▶ _TASK INSTRUCTIONS_
Repeat every entry exactly as it stands. Omit the images.

======== SOURCE DATA

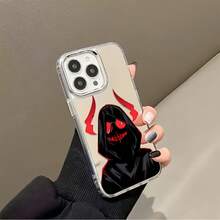 Demonio negro con cuernos y ojos rojos. Esta elegante funda es compatible con Samsung, Apple, VIVO, OPPO, , Transsion, ,  y Honor. Fabricada en silicona TPU, ofrece protección contra golpes y caídas, además de una sensación superior. Es un regalo ideal para familiares, amigos y seres queridos, y la opción perfecta para San Valentín y Año Nuevo.Funda de teléfono con espejo - Plateado - Ver 2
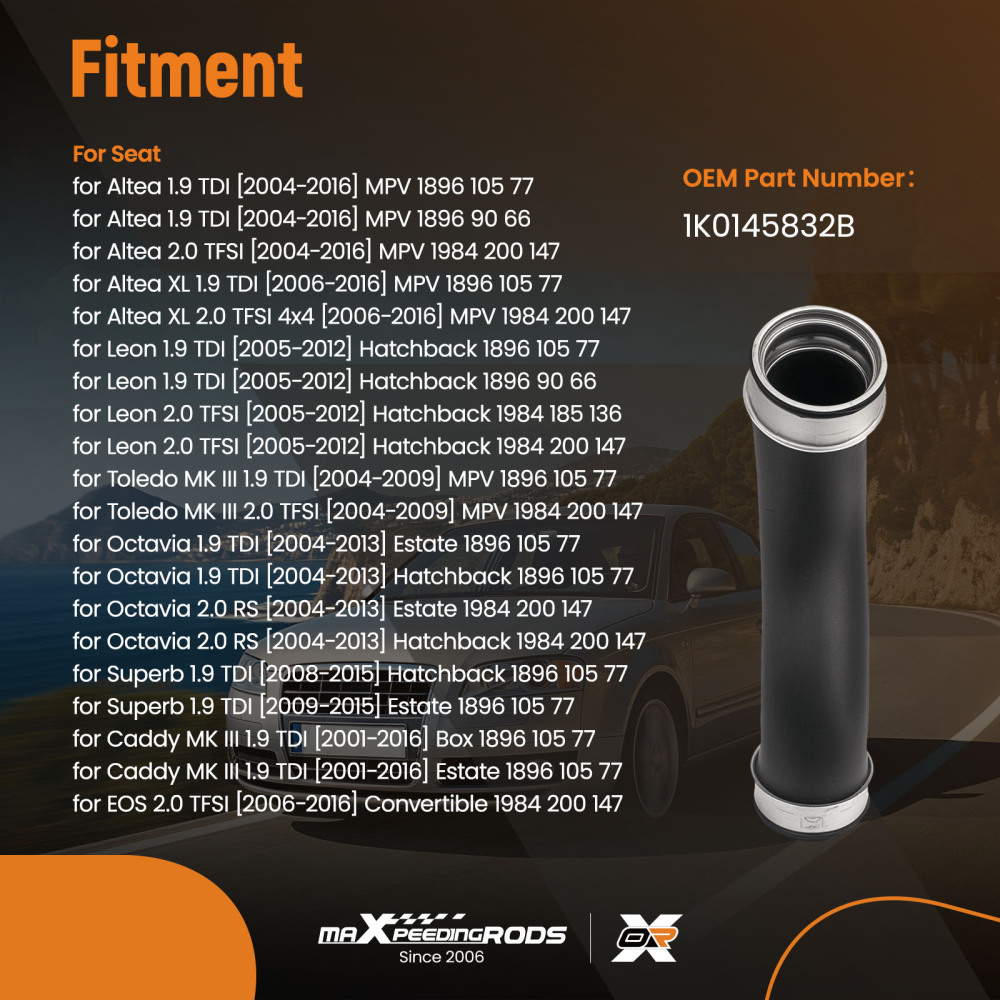 Turbo Intercooler Pipe Boost Hose Pipe compatible for VW Golf MK5 compatible for Seat 1.9TDI 1K0145834B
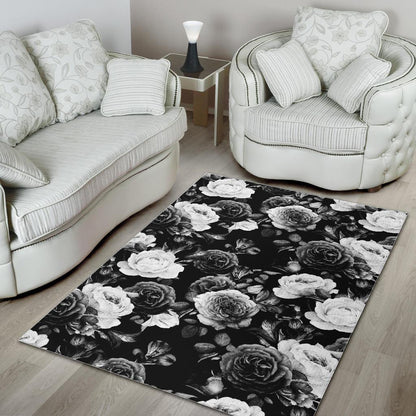 Black White Rose Floral Pattern Print Area Rug GearFrost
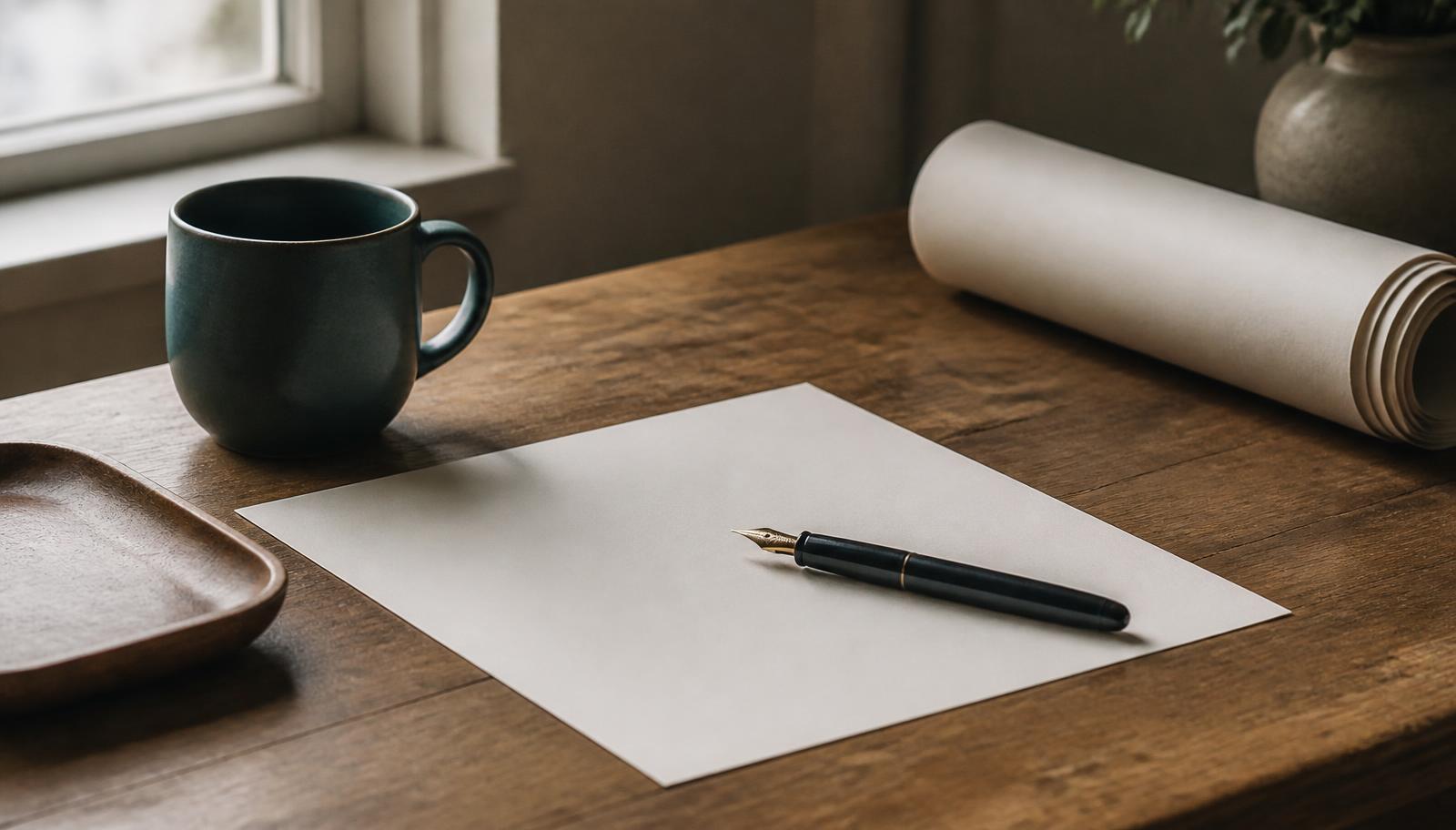 A quiet desk in natural light with a blank sheet of paper, fountain pen, and a rolled drafting sheet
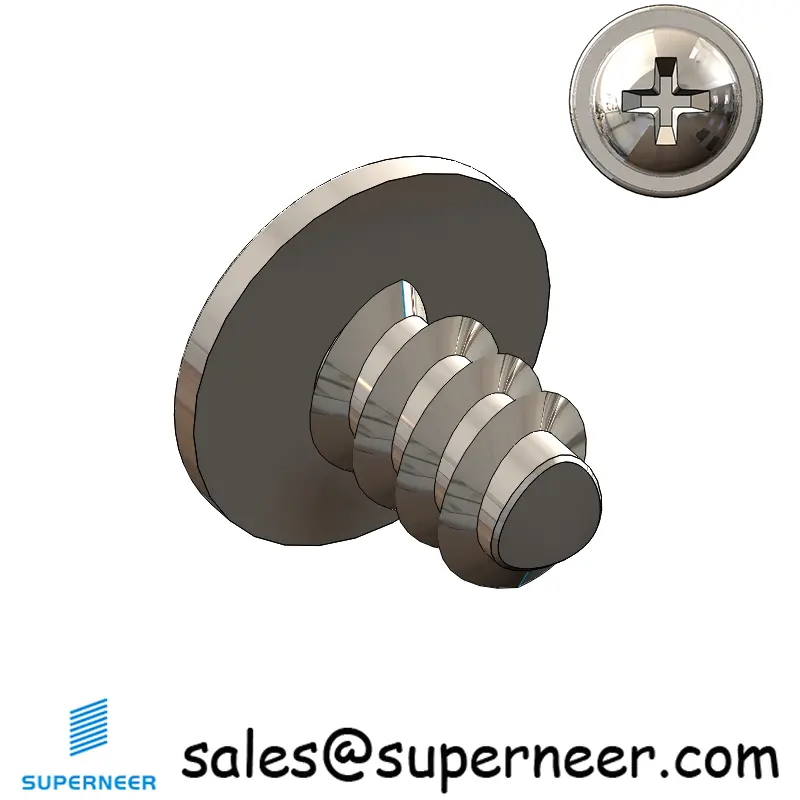 M6 × 9mm  Pan Washer Head Phillips Thread Foming Screws for Plastic SUS304 Stainless Steel Inox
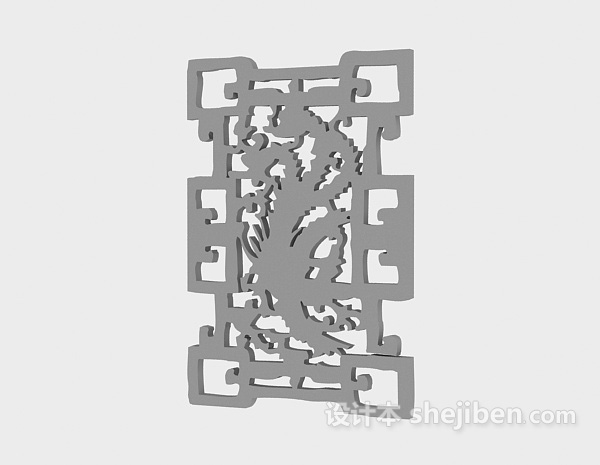 实木雕花3d模型下载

================

▶ _PROBLEM SOLUTION_
 Demonio negro con cuernos y ojos rojos. Esta elegante funda es compatible con Samsung, Apple, VIVO, OPPO, , Transsion, ,  y Honor. Fabricada en silicona TPU, ofrece protección contra golpes y caídas, además de una sensación superior. Es un regalo ideal para familiares, amigos y seres queridos, y la opción perfecta para San Valentín y Año Nuevo.Funda de teléfono con espejo - Plateado - Ver 2
 Turbo Intercooler Pipe Boost Hose Pipe compatible for VW Golf MK5 compatible for Seat 1.9TDI 1K0145834B
 Black White Rose Floral Pattern Print Area Rug GearFrost
 A quiet desk in natural light with a blank sheet of paper, fountain pen, and a rolled drafting sheet
 M6 × 9mm  Pan Washer Head Phillips Thread Foming Screws for Plastic SUS304 Stainless Steel Inox
 实木雕花3d模型下载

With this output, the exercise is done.